Syndication (1978–86)
On the syndicated run, the squares contained the words "TIC" and "TAC", and six dollar amounts: $100, $150, $250, $300, $400, $500 (originally $50, $150, $250, $350, $400, and $500). The remaining box concealed the dragon. The object was for the contestant to accumulate $1,000 or more. If successful, the contestant won the cash and a prize package that usually consisted of furniture, trips, jewelry, and/or appliances, totaling anywhere between $2,000 and $5,000. For the first five seasons, the same prize package was at stake for the entire show until won, but this was changed to a different prize package for each bonus round for the final three seasons. The contestant automatically won by uncovering "TIC" and "TAC" (at which point the contestant also had his/her cash total augmented to $1,000). However, if the contestant found the dragon, the game ended and the contestant forfeited the prize package and the accumulated money. The contestant could stop at any time, take the money and forgo the prize package. For a brief period in 1983, a contestant had to accumulate exactly $1,000 or find TIC and TAC, but this was quickly removed.

Dragon Finder
For a time in 1983, members of the studio audience were invited to play a special "Dragon Finder" game whenever the bonus round was won or a contestant stopped early. The remaining numbers on the board were not immediately uncovered; instead, an audience member would be selected to choose which number hid the dragon. If that person did not find the dragon, another audience member would be asked to choose one of the remaining numbers. The prize for finding it was originally a flat $250, but was later increased by $50 for each incorrect guess. When the change was made to invite two audience members to take turns choosing numbers, the losing member received $50.

Syndication (1990)
The short-lived 1990 syndicated series used a bonus round that was similar to the 1978 CBS bonus round, with the champion playing for cash and a merchandise prize. There were, however, several notable differences. One was that the contestant chose between X and O as their symbol for the round and hoped to complete a "Tic-Tac-Dough" line with that symbol. In addition, an armored knight dubbed the "dragon slayer" was added to the board and finding him resulted in an automatic win. It was not always possible to complete a Tic-Tac-Dough with a contestant's chosen symbol due to both shuffling and distribution of the symbols. For example, the shuffling, which was stopped manually by the contestant, could leave contestants with no Tic-Tac-Dough possibility for their chosen symbol; sometimes a contestant might not have enough symbols on the board to complete one or the shuffle placed their symbols on the board in such a manner that they could not form any connection no matter what symbol was chosen. In these cases, the contestant could only win the prize by finding the dragon slayer.

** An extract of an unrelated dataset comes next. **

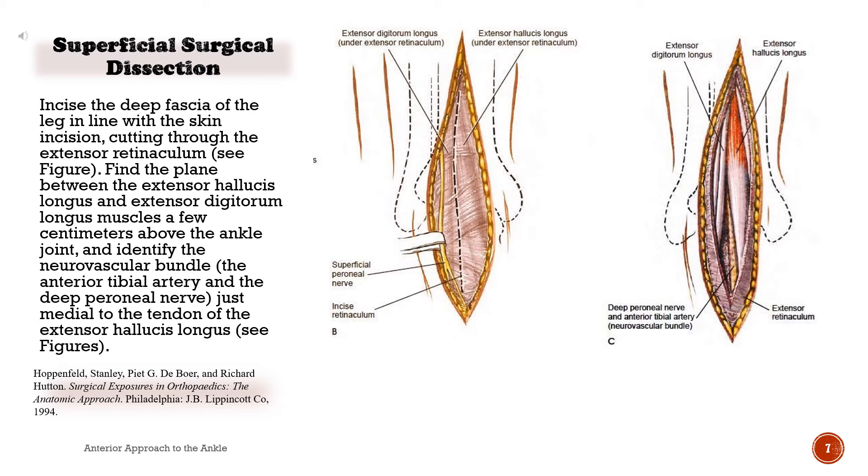Superficial surgical dissection. Incise the deep fascia of the leg in line with the skin incision, cutting through the extensor retinaculum. Find the plane between the extensor hallucis longus and extensor digitorum longus muscles a few centimeters above the ankle joint and identify the neurovascular bundle — the anterior tibial artery and the deep peroneal nerve — just medial to the tendon of the extensor hallucis longus.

For the first of their symbols a contestant found, they received $500. Each one found after that doubled the pot. If the contestant completed the Tic-Tac-Dough, he/she won the prize and whatever money was in the pot. Finding the dragon slayer doubled the pot, and if he was found without money in the pot, the contestant won $1,000. As before, finding the dragon at any point ended the round and cost the contestant everything.

Beginning about seven weeks into the run, the dragon and dragon slayer described their purpose in a short rap song as they were introduced by host Wayne.

Record winnings
With contestants being able to play until defeated, several Tic-Tac-Dough contestants were able to win over $100,000 on the show. Over the course of nine weeks of the show in 1980, Thom McKee defeated 43 opponents to win eight cars and take home $312,700 (with other bonus game prizes), including over $200,000 in cash, a record at the time. In one game, McKee broke the record for winning the biggest pot in a match, which reached $36,800 after four tie games against challenger Pete Cooper. McKee's winnings record stood until 1999 when Michael Shutterly won $500,000 all-cash on Who Wants to Be a Millionaire.

Although champions were not retired until defeated, a cap was placed on their overall winnings from 1982 until 1984 as noted above. This was done after CBS, by way of acquiring Tic Tac Dough for its flagship station WCBS-TV, became the program’s network-of-record; this mean that the show, as well as its Barry & Enright stablemate The Joker's Wild had been a year earlier when CBS did the same thing for that series, was subjected to network standards and practices. This included CBS’ winnings limit for any game shows airing over its airwaves, which was established at $50,000 for Tic Tac Dough; any overages were donated to a charity of the champion’s choice.

Broadcast history

NBC: 1956–59
Tic-Tac-Dough premiered on NBC daytime television on July 30, 1956, hosted by co-creator and co-executive producer Jack Barry.

Beginning on September 12, 1956, Barry began hosting Twenty-One in Primetime. The show was initially on Wednesday nights but quickly moved to Thursday nights. At this point, Gene Rayburn began hosting Tic-Tac-Dough on Fridays. Twenty One later moved to Monday nights in February, 1957, and Barry once again hosted the show all five days of the week. Barry left the show and was replaced by announcer Bill Wendell on October 6, 1958. Wendell hosted the show, with the announcing taken over by Bill McCord, until its demise on October 23, 1959.

A nighttime version, produced in color, played for bigger stakes aired from September 12, 1957, to December 29, 1958. Jay Jackson was the original host, and was replaced by Win Elliot on October 2, 1958, for the duration of the show's nighttime run. Johnny Olson filled in as both host and announcer at varying points on this version.

Quiz show scandal

In August 1958, the cross-network hit game show Dotto was canceled after network and sponsor executives discovered the game had been rigged, and when newspaper headlines exploded with confirmation that deposed Twenty One champion Herb Stempel's allegations of rigging on that show were true, the big money quiz shows began to sink in the ratings and disappear from the air as the scandal widened.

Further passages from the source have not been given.